Symphony No. 5 in E-flat major, Op. 82
It's better to light one candle... While devastating most of Europe, World War I also created a more personal consequence for Sibelius: his income from performances and publishing around Europe was no longer certain. As a result, he had to write a number of smaller works, largely for piano, to supplement his income. This provided a respite from the turmoil of the world, but postponed his work on the Fifth for a while. He had an idea in his mind of an optimistic work that expresses ideas of regeneration and rebirth after suffering. He spoke of "This life that I love so infinitely, a feeling that must stamp everything I compose." And so he wrote the ebullient, soaring E-flat Major, commissioned by the Finnish government to be presented at a concert on his 50th birthday in 1915, a national holiday. He remained engaged with this work after its premiere, putting out revised versions in 1916 and 1919.
Symphony No. 6 in d minor, Op. 104
Clearly, there's been Scandinavian influence here. Sibelius describes this symphony in two ways. In 1943 (20 years after its premiere) he said: "(It) always reminds me of the scent of the first snow." He was reacting to the elaborate, extravagant compositional styles of some of his Russian contemporaries. The dynamic contrasts of this work aren't as sweeping as those in his own Fifth symphony, and the brass is tightly controlled. "Whereas most other modern composers are engaged in manufacturing cocktails of every hue and description, I offer the public pure cold water." In 1955, however, he remarked, "Rage and passion (...) are utterly essential in it, but it is supported by undercurrents deep under the surface of the music." Rage and passion under new snow: you just can't get more Scandinavian than that.

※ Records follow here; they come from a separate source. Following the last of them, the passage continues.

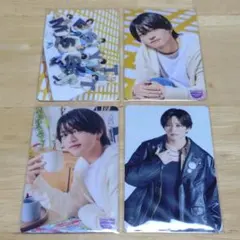 タイムレス StealTheShow/レシピ 猪俣周杜&松島聡&全員 トレカ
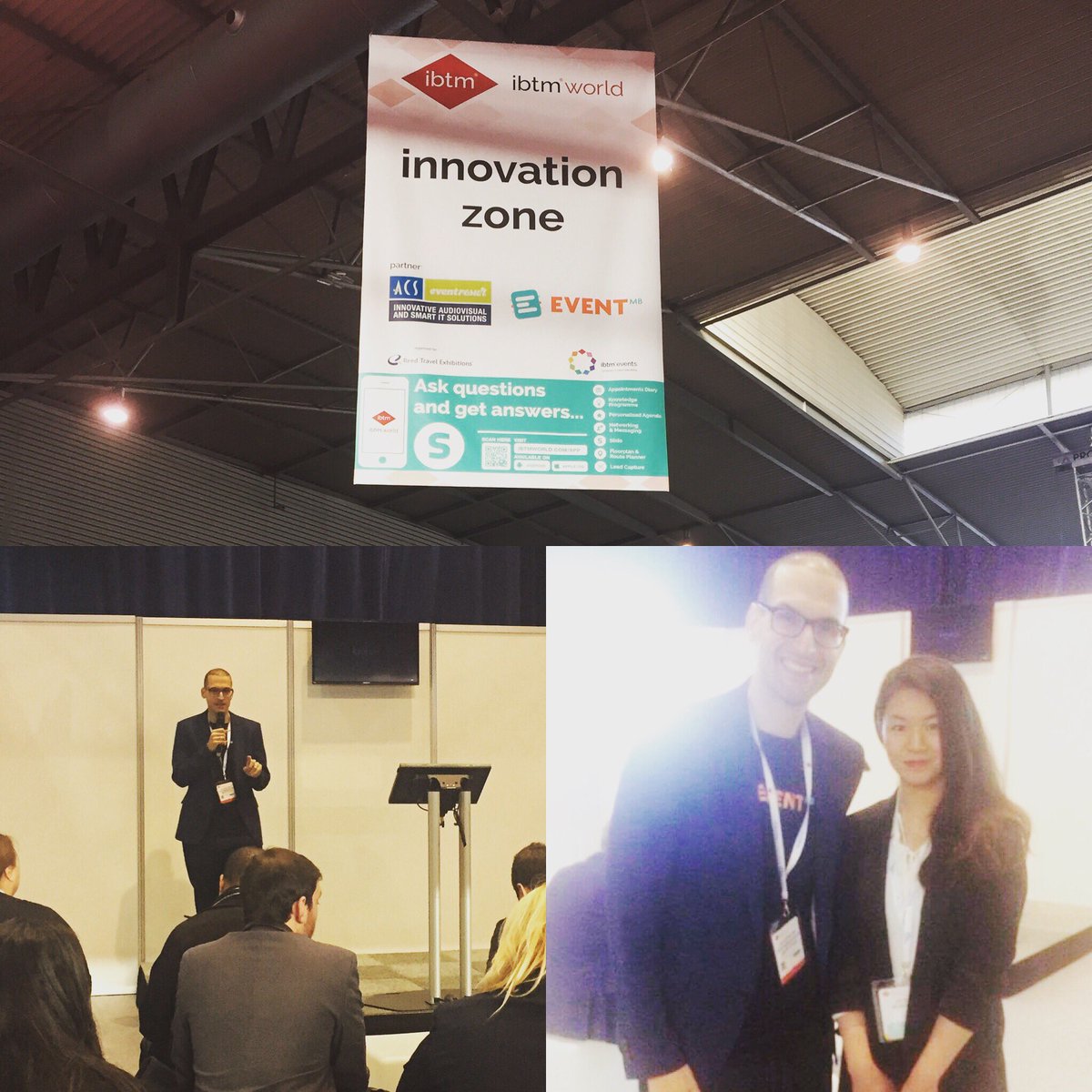 Innovation zone is awesome . Got inspired and enriched my experience <a href="/EventMB/">EventMB is now Skift Meetings</a> <a href="/ICCAWorld/">ICCA</a> @ibtmworld <a href="/IBTMedia/">IBT Media</a> <a href="/IBTMevents/">IBTM</a>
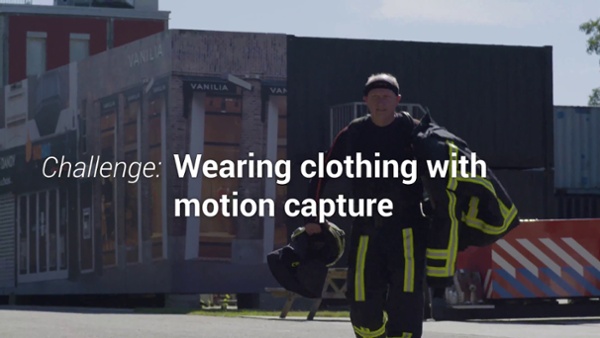 10 Moves - Clothing and mocap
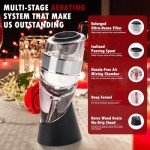 Deluxe Red Wine Aerator Decanter for Wine Lovers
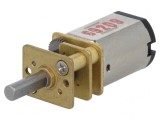 Motor DC cu Transmisie HPCB 6V Dublu-Ax 10:1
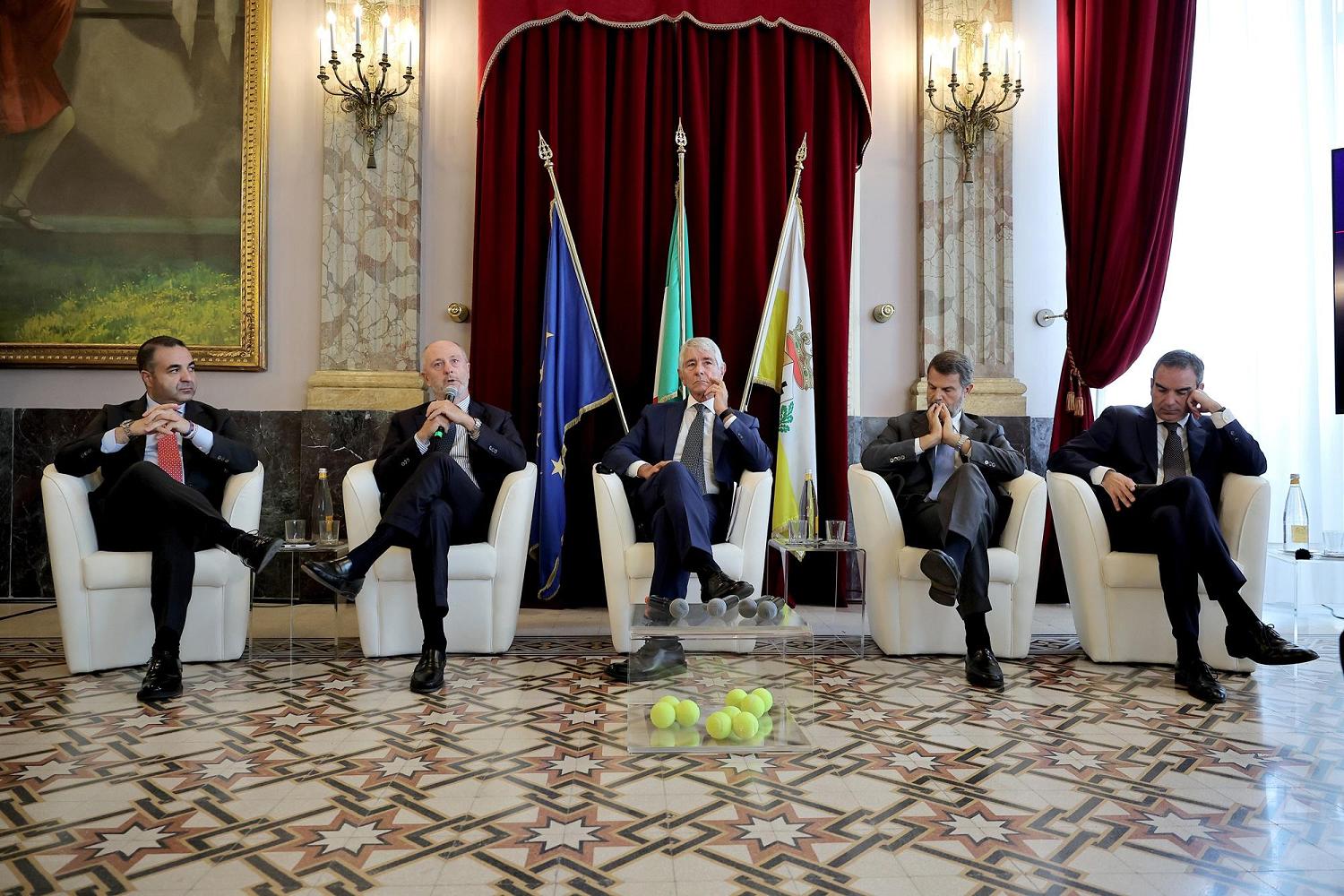 Next Gen ATP Finals: il tennis del futuro sbarca a Reggio Calabria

Symphony No. 7 in C major, Op. 105
Sacred Music. Originally conceived as a "symphonic fantasy," the Seventh is contained in one movement. Arguably, all of Sibelius's orchestral career appears here in microcosm; both the Romanticism of his early writing and the Classical mastery of his later work are in evidence. Conductor Osmo Vanska is a well-respected interpreter of Sibelius, and so I'll leave the last statement to him: "Number six is autobiographical. An aging man feels his own incapacity. The ideals are there, but he cannot reach them. The seventh forms a pair with the sixth. But it is not autobiographical. The ego is left behind, and things are seen from the point of view of humanity. The composer turns his eye away from himself towards higher powers. Number seven is sacred music."